In this notebook I will dive into the [House Prices - Advanced Regression Techniques](https://www.kaggle.com/competitions/house-prices-advanced-regression-techniques) dataset to explore and learn along the way.

**Hope you enjoy, let me know how I can improve, and if you liked it, an upvote would help me out alot!**

**Looking for Exploratory Data Analysis on this dataset? Check out my notebook [Exploratory Data Analysis](https://www.kaggle.com/code/ulrikthygepedersen/exploratory-data-analysis-house-prices/notebook)**

**Want to learn more about making your data ready for modelling? Check out my notebook on [Feature Engineering](https://www.kaggle.com/code/ulrikthygepedersen/feature-engineering-house-prices/notebook)**

**Want to learn more about how to further reduce features? Check out my notebook on [Principal Component Analysis](https://www.kaggle.com/code/ulrikthygepedersen/reducing-features-principal-component-analysis/notebook)**

# House Keeping <a id="house"></a>

## Import Libraries, load dataset and do a short summary

In [1]:
import numpy as np
import pandas as pd

from sklearn.preprocessing import StandardScaler, OrdinalEncoder

from sklearn.ensemble import RandomForestRegressor
from xgboost import XGBRegressor
from sklearn.model_selection import RandomizedSearchCV, GridSearchCV, cross_val_score

# load datasets
df_train = pd.read_csv('/kaggle/input/house-prices-advanced-regression-techniques/train.csv')
df_test = pd.read_csv('/kaggle/input/house-prices-advanced-regression-techniques/test.csv')
df_sample_submission = pd.read_csv('/kaggle/input/house-prices-advanced-regression-techniques/sample_submission.csv')

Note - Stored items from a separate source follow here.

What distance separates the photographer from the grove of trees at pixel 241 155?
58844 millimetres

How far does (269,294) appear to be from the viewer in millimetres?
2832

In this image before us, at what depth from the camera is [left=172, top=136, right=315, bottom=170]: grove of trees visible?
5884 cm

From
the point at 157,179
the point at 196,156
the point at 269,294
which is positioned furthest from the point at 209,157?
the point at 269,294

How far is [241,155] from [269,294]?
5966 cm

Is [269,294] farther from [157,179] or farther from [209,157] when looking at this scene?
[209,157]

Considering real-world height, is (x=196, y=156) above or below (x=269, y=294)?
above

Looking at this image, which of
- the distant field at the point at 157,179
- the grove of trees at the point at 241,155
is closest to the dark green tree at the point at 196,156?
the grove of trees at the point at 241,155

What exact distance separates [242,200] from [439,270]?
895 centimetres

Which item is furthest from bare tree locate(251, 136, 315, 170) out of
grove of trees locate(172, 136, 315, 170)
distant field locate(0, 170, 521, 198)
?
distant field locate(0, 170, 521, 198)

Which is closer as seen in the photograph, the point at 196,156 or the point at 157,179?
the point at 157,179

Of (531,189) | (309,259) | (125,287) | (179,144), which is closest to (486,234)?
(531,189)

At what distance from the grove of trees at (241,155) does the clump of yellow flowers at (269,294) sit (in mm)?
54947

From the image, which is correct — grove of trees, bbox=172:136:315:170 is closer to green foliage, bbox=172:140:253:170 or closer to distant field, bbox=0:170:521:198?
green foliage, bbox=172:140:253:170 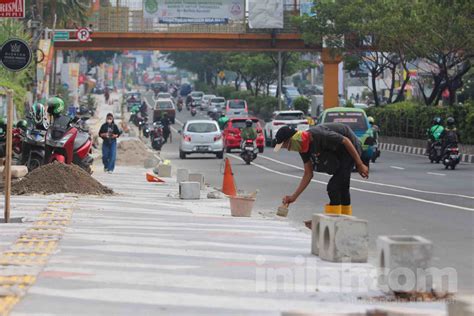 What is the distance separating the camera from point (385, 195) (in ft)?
85.4

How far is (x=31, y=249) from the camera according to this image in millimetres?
13797

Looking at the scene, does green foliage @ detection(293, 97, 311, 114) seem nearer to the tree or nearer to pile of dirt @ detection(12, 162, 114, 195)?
the tree

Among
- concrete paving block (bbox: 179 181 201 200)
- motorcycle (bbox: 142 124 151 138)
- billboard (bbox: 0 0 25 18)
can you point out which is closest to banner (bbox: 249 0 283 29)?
motorcycle (bbox: 142 124 151 138)

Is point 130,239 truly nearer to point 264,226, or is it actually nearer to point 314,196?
point 264,226

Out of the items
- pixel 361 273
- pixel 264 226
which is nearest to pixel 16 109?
pixel 264 226

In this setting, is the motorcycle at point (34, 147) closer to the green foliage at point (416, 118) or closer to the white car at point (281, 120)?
the green foliage at point (416, 118)

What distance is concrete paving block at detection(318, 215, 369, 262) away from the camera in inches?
503

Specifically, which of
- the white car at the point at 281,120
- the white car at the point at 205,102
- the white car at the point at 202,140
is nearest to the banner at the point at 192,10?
the white car at the point at 281,120

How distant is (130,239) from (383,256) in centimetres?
491

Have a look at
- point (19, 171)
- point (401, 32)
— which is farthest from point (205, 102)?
point (19, 171)

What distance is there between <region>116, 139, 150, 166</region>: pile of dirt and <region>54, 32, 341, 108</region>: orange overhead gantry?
28126mm

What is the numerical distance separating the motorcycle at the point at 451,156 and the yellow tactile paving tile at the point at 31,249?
67.4ft

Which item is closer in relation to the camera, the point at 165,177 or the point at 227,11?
the point at 165,177

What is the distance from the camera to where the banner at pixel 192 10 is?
74750mm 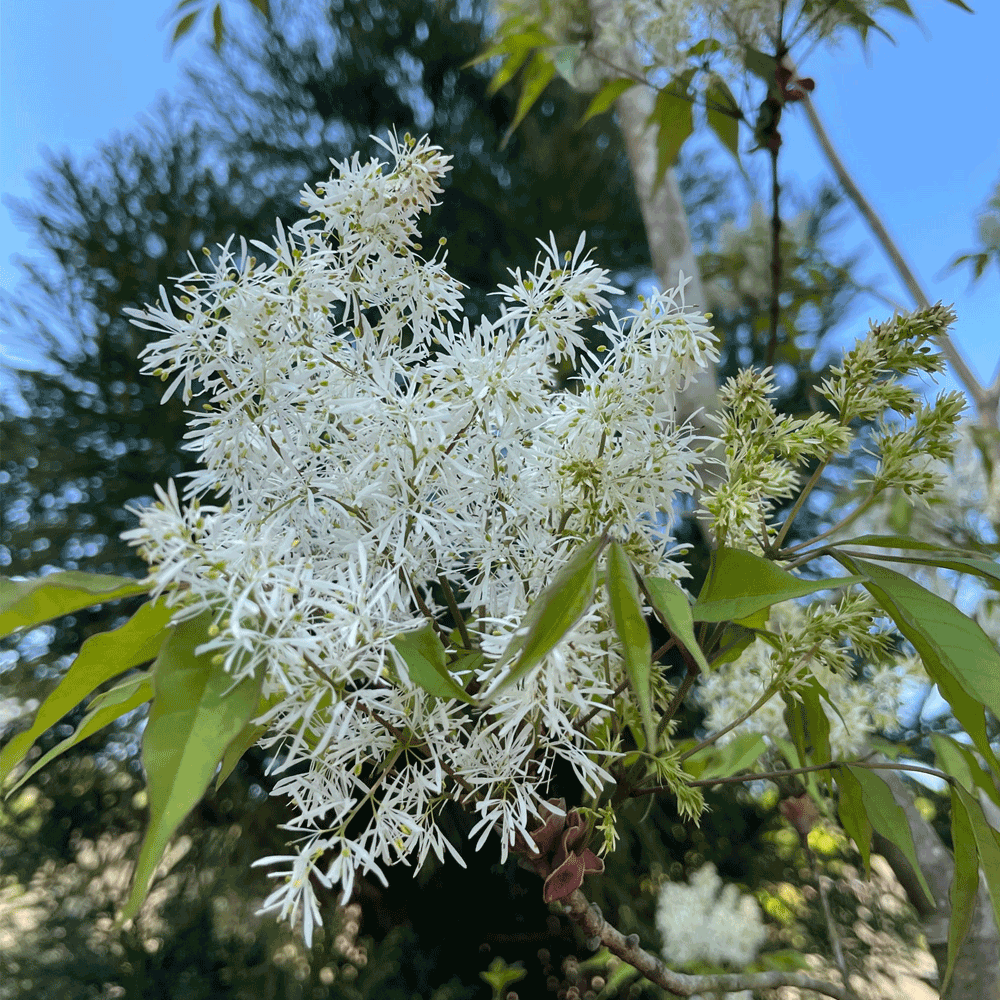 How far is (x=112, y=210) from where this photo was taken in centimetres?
128

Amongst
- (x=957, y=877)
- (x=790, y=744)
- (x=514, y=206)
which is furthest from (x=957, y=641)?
(x=514, y=206)

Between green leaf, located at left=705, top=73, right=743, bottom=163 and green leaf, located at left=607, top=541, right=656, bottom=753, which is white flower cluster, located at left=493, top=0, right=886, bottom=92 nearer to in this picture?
green leaf, located at left=705, top=73, right=743, bottom=163

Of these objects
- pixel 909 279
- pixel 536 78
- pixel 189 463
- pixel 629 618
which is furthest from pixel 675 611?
pixel 189 463

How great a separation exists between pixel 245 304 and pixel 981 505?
95 cm

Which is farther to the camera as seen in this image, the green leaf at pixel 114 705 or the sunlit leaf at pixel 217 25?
the sunlit leaf at pixel 217 25

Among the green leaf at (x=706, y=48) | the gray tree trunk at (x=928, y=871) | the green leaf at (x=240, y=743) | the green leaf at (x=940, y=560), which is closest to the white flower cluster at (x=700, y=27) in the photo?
the green leaf at (x=706, y=48)

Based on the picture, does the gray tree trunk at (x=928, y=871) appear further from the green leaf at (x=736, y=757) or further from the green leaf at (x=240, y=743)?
the green leaf at (x=240, y=743)

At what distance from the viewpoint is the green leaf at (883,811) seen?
0.25 meters

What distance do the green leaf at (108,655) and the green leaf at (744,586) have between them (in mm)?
123

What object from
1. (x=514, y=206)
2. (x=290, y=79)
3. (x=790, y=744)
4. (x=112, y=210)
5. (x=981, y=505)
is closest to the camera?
(x=790, y=744)

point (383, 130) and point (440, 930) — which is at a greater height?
point (383, 130)

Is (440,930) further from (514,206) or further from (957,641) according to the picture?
(514,206)

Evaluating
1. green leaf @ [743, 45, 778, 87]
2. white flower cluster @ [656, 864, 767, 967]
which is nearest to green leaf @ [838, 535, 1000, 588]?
green leaf @ [743, 45, 778, 87]

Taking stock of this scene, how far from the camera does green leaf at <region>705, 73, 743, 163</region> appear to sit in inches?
18.3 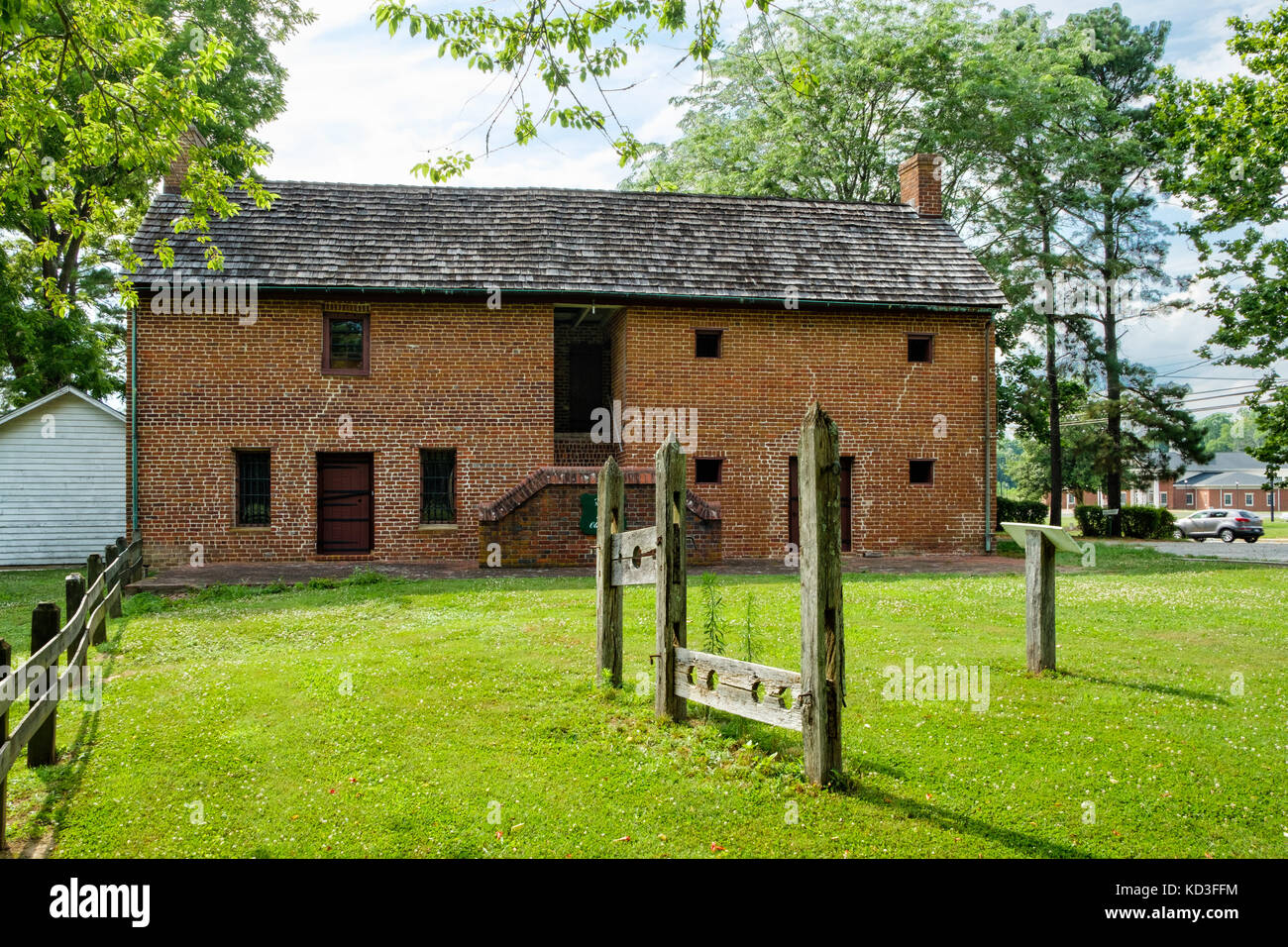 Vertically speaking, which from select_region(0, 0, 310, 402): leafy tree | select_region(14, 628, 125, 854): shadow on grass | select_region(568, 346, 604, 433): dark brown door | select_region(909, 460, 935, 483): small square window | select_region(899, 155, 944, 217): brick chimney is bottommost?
select_region(14, 628, 125, 854): shadow on grass

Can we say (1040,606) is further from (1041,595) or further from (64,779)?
(64,779)

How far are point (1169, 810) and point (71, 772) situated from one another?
21.2 feet

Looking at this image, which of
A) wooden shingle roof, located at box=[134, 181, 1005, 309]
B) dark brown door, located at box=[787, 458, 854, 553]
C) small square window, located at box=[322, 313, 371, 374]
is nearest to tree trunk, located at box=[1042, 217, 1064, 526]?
wooden shingle roof, located at box=[134, 181, 1005, 309]

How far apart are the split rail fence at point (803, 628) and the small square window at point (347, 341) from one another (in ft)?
43.4

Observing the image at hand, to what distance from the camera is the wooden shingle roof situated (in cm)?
1842

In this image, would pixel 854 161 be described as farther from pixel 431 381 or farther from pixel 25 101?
Result: pixel 25 101

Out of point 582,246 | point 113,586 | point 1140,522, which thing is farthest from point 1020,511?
point 113,586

# mark train and test sets for future split
df_train['train_test'] = 'Train'
df_test['train_test'] = 'Test'

#combine to a single dataframe with all data for feature engineering
df_all = pd.concat([df_train, df_test])

# print dataset shape and columns
trow, tcol = df_train.shape
erow, ecol = df_test.shape
srow, scol = df_sample_submission.shape

print(f'''
Train Dataset:
Loaded train dataset with shape {df_train.shape} ({trow} rows and {tcol} columns)

Test Dataset:
Loaded test dataset with shape {df_test.shape} ({erow} rows and {ecol} columns)

Sample Submission Dataset:
Loaded sample submission dataset with shape {df_sample_submission.shape} ({srow} rows and {scol} columns)
''')


Train Dataset:
Loaded train dataset with shape (1460, 82) (1460 rows and 82 columns)

Test Dataset:
Loaded test dataset with shape (1459, 81) (1459 rows and 81 columns)

Sample Submission Dataset:
Loaded sample submission dataset with shape (1459, 2) (1459 rows and 2 columns)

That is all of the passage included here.